Cogs and Levers A blog full of technical stuff

Find Gems

Introduction

The find utility is an extremely flexible query tool for your file system. It allows you to navigate and traverse your folder structures.

From the man page:

This manual page documents the GNU version of find. GNU find searches the directory tree rooted at each given file name by evaluating the given expression from left to right, according to the rules of precedence (see section OPERATORS), until the outcome is known (the left hand side is false for and operations, true for or), at which point find moves on to the next file name.
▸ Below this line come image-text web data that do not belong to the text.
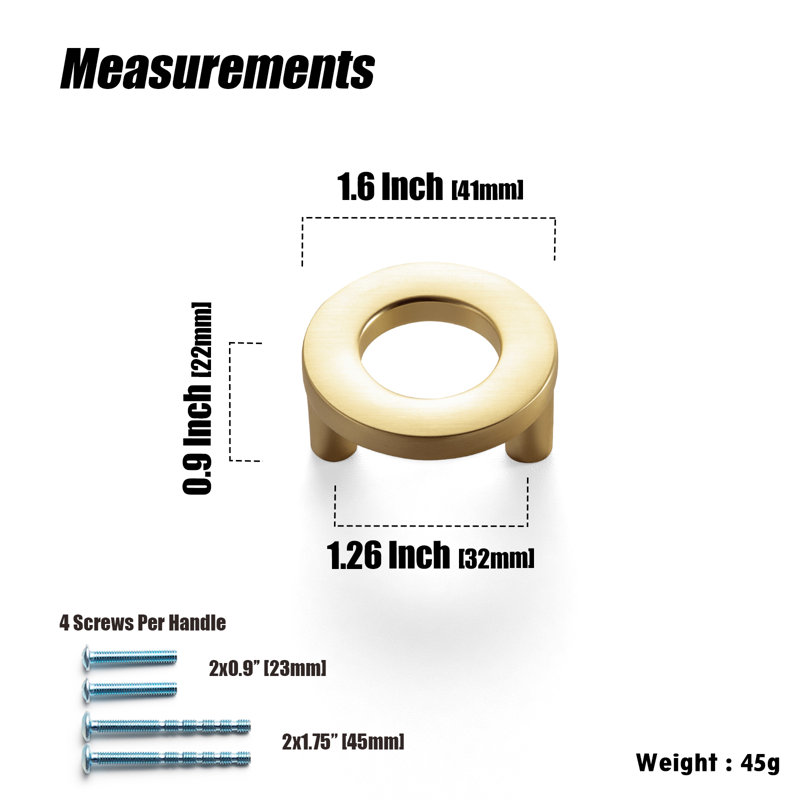 Circular Hollow Out Knob Multipack, Light Brushed Brass, 2.3"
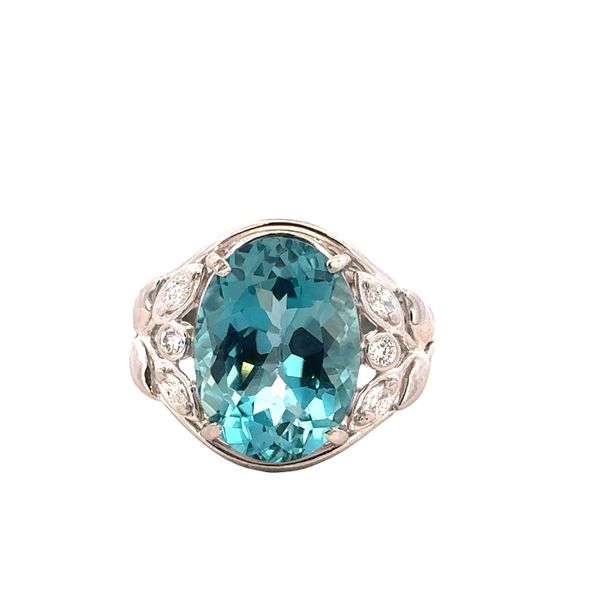 Platinum Blue Zircon and Diamond Foliate Ring – Size 9.5 Perry's Diamonds & Estate Jewelry Charlotte, NC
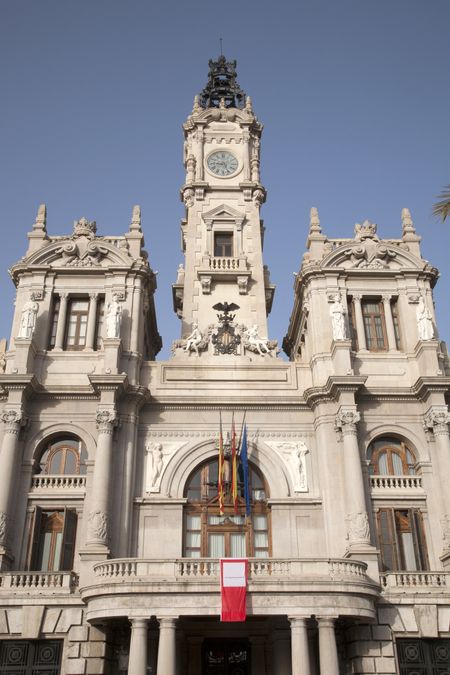 Facade of City Hall; Valencia; Spain
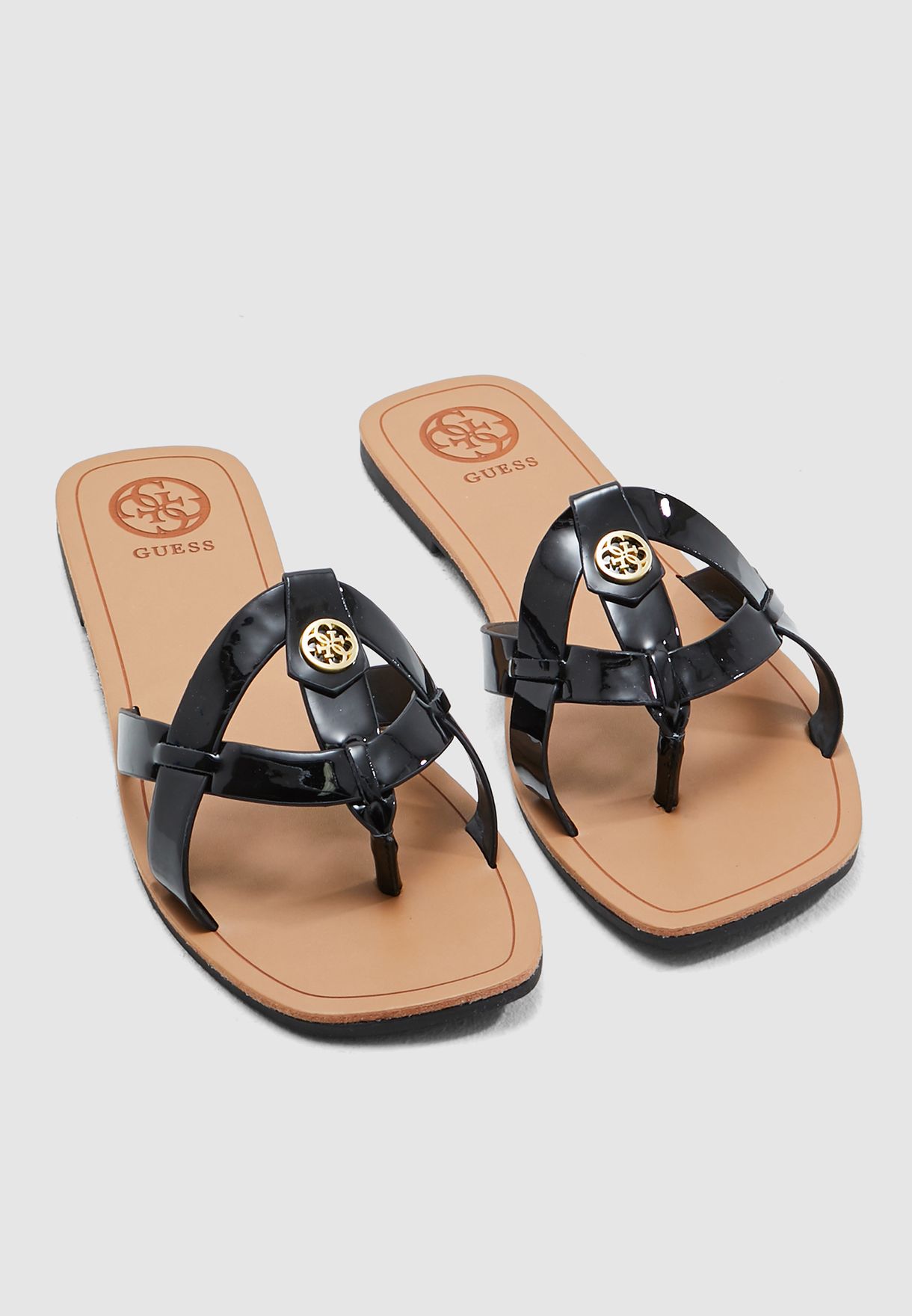 guess black flat sandals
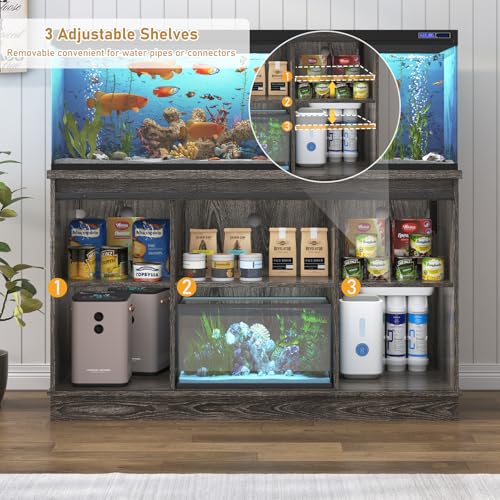 Hlivelood Farmhouse 55-75 Gallon Fish Tank Stand with Power Outlet, Aquarium Stand w/Cabinet&Sliding Barn Door, Heavy Duty Reptile Tank Stand for Fish/Turtle/Reptile Terrarium, 1000LB Capacity, Grey - color: Grey, size: 55-75 Gallon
In this article, we’ll go through some usages.

Find by name

You can simply find by name with the -name switch:

find /the/directory -name the-file-name.txt

You can also ignore case by switching out -name for -iname.

Find by permissions

If you’d like to find files with a specific permission (in this case 777):

find . -type f -perm 0777 -print

You can take the converse of this with !:

find . -type f ! -perm 0777 -print

Average file size

Let’s say you have a directory of text files, and you’d like to find the average size of them. By joining find with awk, you can use the following to do just that:

find . -type f -exec wc -w {} \; | awk '{numfiles=numfiles+1;total += $1} END{print total/numfiles}'

Random sampling

You may need to take a random sample of files in a given folder. You can start this process off with find, and then through clever usage of sort, and tail you can get a random sample.

This will take 500 random files from a directory:

find /the/path -type f -print0 | sort -zR | head -zn 500

find /the/path -type f -print0 prints out the files using \0 as a delimiter thanks to -print0.

sort is told to use \0 as its delimiter with -z and -R is to sort them randomly.

head now takes the first 500, again using \0 as the delimiter.